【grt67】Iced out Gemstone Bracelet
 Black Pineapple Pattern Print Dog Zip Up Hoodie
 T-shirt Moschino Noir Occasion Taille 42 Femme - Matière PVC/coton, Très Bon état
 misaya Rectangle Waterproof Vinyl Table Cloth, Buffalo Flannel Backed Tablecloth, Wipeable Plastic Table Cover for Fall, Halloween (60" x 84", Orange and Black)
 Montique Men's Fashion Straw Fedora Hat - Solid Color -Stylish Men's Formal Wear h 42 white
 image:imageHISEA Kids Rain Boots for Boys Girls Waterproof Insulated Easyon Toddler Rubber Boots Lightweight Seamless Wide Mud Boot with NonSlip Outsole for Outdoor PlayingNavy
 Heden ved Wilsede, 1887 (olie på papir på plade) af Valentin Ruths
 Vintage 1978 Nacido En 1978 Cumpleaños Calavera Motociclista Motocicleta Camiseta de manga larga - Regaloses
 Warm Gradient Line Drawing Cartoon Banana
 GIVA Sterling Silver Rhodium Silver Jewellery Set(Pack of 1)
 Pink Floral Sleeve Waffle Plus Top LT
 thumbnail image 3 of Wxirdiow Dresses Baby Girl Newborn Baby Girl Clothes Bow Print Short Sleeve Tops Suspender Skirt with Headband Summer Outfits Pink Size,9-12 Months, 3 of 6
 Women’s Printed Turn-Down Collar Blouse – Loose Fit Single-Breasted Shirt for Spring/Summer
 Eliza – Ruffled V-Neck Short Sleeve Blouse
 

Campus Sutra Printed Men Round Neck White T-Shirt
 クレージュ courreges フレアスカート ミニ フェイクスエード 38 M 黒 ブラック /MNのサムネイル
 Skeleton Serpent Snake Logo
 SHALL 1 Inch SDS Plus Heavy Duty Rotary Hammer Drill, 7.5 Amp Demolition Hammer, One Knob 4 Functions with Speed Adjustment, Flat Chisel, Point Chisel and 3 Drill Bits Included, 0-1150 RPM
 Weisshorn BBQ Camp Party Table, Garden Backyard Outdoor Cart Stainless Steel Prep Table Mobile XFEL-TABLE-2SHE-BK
• • • • • • •
__What you will do__
Lines above that include the string "Outdoor" need to be copied.

__Problem solution__
 image:imageHISEA Kids Rain Boots for Boys Girls Waterproof Insulated Easyon Toddler Rubber Boots Lightweight Seamless Wide Mud Boot with NonSlip Outsole for Outdoor PlayingNavy
 Weisshorn BBQ Camp Party Table, Garden Backyard Outdoor Cart Stainless Steel Prep Table Mobile XFEL-TABLE-2SHE-BK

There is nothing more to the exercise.